Derek McGrath was co-manager of De La Salle teams which have put together back-to-back All-Irelands. Before playing Fitzgibbon in Cork he played on the 1992 minor side with Paul Flynn that reached an All-Ireland and was beaten playing for the school in a Harty Cup final in 1993 by St Flannan's of Ennis. Flannan's duly reached their fifth Harty final in a row, having one three-in-a-row to start the run.

Clare's glories were founded on good schools work and a run of Féile na nGael wins in the 1980s which upped the standard. The irony is that the balance of power has shifted in the wake of Clare's breakthrough.

McGrath sees the lengths the traditional counties have been going to. Waterford are prepared to go that distance.

"I go along with the theory that the game is better these days than ever. Every coach is looking for an edge as regards preparation. It's hard to come up with a new fad always. We went to Sunderland with the boys this year, stayed in Newcastle. Went out and had the crack. I see rugby schools going for warm-weather work in France in August and September before they go back to school. That is the road we'll go soon, I would say."

"Last year we were up in City West for a weekend two weeks before the Harty final. You have to create the environment. It cost €60,000 last year for the school senior team, which is fair money. We have gone from a time when we would have five or six sliotars at training to having 50 or 60 on the go, from training in the field to training at night out at club venues."

The Croke Cup final required a replay to separate De La Salle from Thurles CBS. There was a week between the dates. De La Salle had seven or eight players carrying knocks and strains and took the decision to send them for cryotherapy in Wexford.

They got there and Thurles had the same number in attendance.

"That's at €140 a pop for young lads at 17 years of age. And Thurles were doing the same. It's some investment."

He feels it will be worth it. De La Salle should provide seven starters and 10 panellists to this year's county minor side and they will keep filtering the players up.

Of the seniors who play Clare tomorrow he notes that Stephen Molumphy and Aidan Kearney were Dr Harty Cup winners six years ago with St Colman's Fermoy. The insistence on excellence at an early age is always useful.

The Waterford revival is a pleasant chicken-or-egg conundrum. The schools and clubs who have benefited from the county board's strong coach-education policy over the last 10 years have been pushing players up through the ranks. Meanwhile ongoing success and the county's defiant hovering at the top table has filled imaginations.

"In traditional football clubs hurling has taken over," says Ann Hogan. "Our footballers are really struggling in traditional football areas, especially in the west.

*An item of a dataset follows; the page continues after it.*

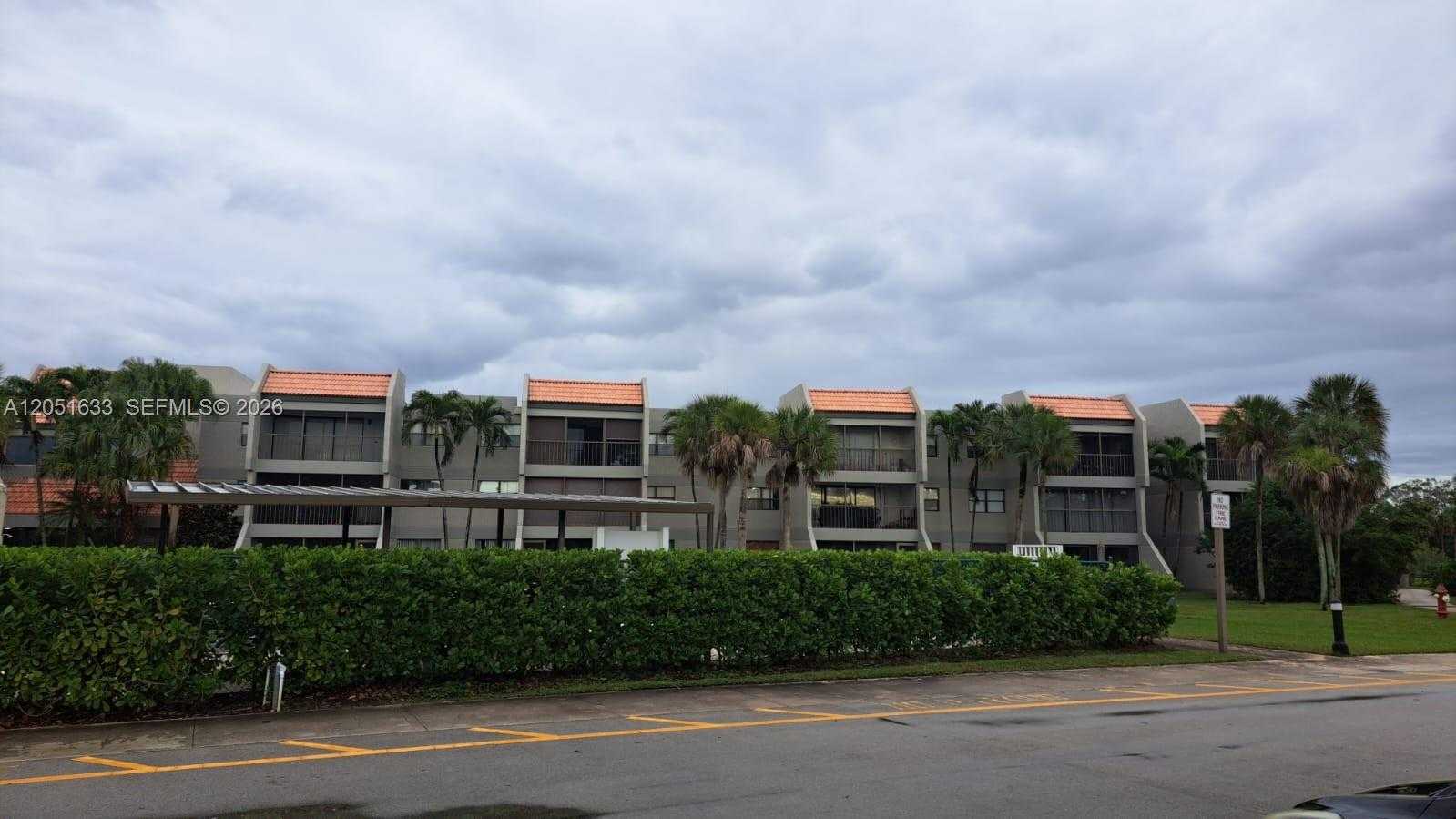 230 Lakeview Dr  APT 310 Weston Florida United States, for Rent, residential, Radmila Mandel, Florida Sky Realty Group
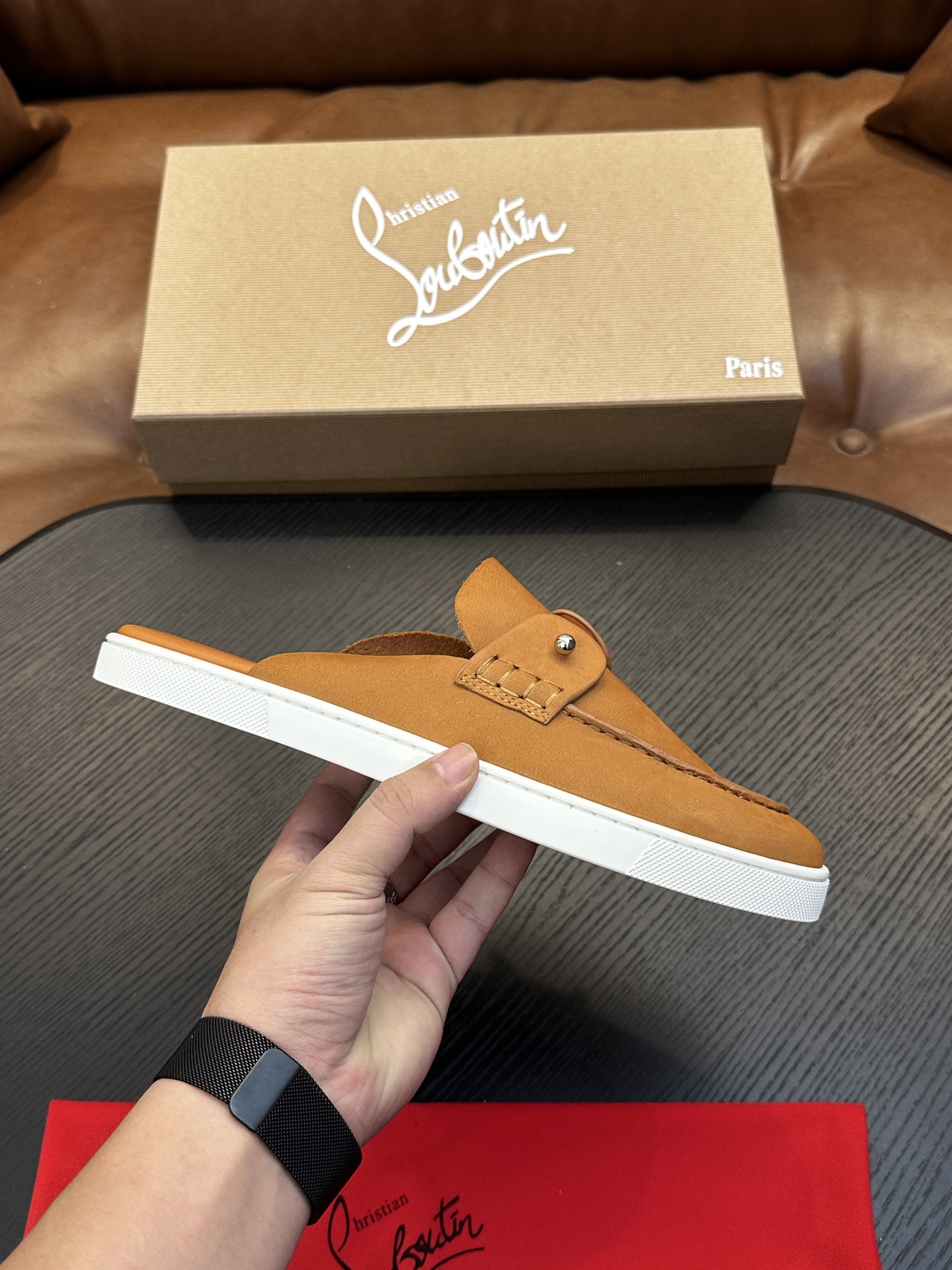 Christian Louboutin（红底鞋）意大利男士休闲板鞋出货！这个意大利纯手工鞋履品牌的每一双鞋设计简洁经典，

I would have more of an affinity with football but I see it all the time. In the east, even in Tramore town, which would always have been a football area, now at school level they are much stronger at hurling.

"In Ardmore - Séamus and Declan Prendergast's club - they were always renowned for football but hurling has taken over. Young fellas want to be Tony Brown and Dan Shanahan. If I have to bring a footballer to present a cup somewhere in the county, who do I bring? Who has any profile?"

Gary Hurney might be the answer. The football captain makes his debut for the hurlers tomorrow.

Meanwhile Waterford City, the county's main population centre, has one senior football team.

Tomorrow in Limerick the senior hurlers set out on yet another quixotic tilt at glory. Yet again the challenge is characterised as taking place in the wee small hours in The Last Chance saloon.

In Waterford they don't see it that way. The game has grown, the seeds have been sown. The present is hopeful and the future is bright.